The cars we loved.
The sport compact coupe market has always been a brutal one. The public, always finicky and forever chasing the next big thing will embrace the latest trend as fast as they trade in the last one. For Acura, its struggle was always to distinguish itself from its parent Honda in America. Never one to take too many chances, Acura design could be summed up in two words: tastefully conservative.
Every since the 90’s Integra’s quad bug-eyed headlights, the company seems to have been willing to take a few chances in hopes of becoming the fashion statement of the moment. While Acura was getting better at separating the TSX from the Accord, it would need to do more to separate the Integra further from the Civic. Honda’s versatile Civic was not the only possible conflict for the Integra as the Prelude was much closer in concept and price. The Acura name did little to convince some that the Integra was nothing more than a Civic in sexier sheet metal.
After three generations of Integra in America, Acura decided to start over with a clean slate. The replacement, called the RSX (Rally Sportscar eXperimental) in America and still the Honda Integra elsewhere would still be based on the Honda Civic, but would clearly be more upmarket in its excucution. Honda, always governed by restraint would craft the RSX’s shape with a taunt purposeful stance. It appeared aggressive, but typically restrained – almost to the point of looking non descript. However, the Acura RSX would keep its flamboyance under the hood. Starting with the Si engine, a 2.0L all aluminum DOHC design that produced 160 hp.
In a time before turbos came to dominate smaller engines, Acura was using cutting edge technology to overcome the uneven torque curves of earlier VTEC systems. About two years after the base RSX appeared, the Type S model made its debut with a more powerful 2.0 with 200 hp. In Japan the Honda RSX was somewhat different, lighter, sometimes more powerful and with more options. All RSX or Integra would appear the same regardless of where sold. The base engine’s power rating would remain fixed while the Type-S would get a 10 hp boost to 210 in 2005.
Immediately the RSX became an automotive journalist favorite in Type-S trim. While making appearances on multiple 10 Best lists, the RSX’s appeal with tuners and everyday drivers was stronger than ever. A sizable tuner aftermarket evolved, that rivaled that of the Civic.
In the popular selling base model, it had procured a reputation as a comfortable riding small GT car with better than average reliability. Its high level of refinement was not unlike the outgoing Honda Prelude. With the Prelude gone, the RSX’s path was clearer. Its direct competition was dwindling too, with only the Toyota Celica matching its high quality and refinement at its price range.

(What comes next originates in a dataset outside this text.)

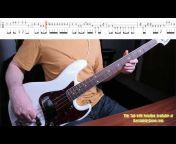 Bass Tabs By Jason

The Celica could not match the RSX’s overall performance, but outsold it. While the RSX was never the fastest car off the line (0 to 60 at 7 seconds for the base model) its MacPherson strut and double wishbone suspension gave it race car like grip in a lightweight and tossible package. In a 2003 Car and Driver comparison test featuring the New Beetle Turbo, Tiburon GT V6, Eclipse GTS and Celica GTS, the ARS Type S beat them all in overall performance. The noisy cabin of the RSX was the only complaint.
Much like the Civic Si in its overall road manners, the RSX featured a more upmarket interior with better grade plastic, cloth and leather surfaces. The interior was also simple, giving it a kind of elegance missing in most compact sport coupes like the Eclipse or Colbalt. Three transmissions were available, a 5-speed sportshift auto or manual for the base model. The enthusiasts configuration of choice was a Type -S with a slick shifting six-speed manual. In the right hands the sprint to 60 could easily drop down to the low 6 second range.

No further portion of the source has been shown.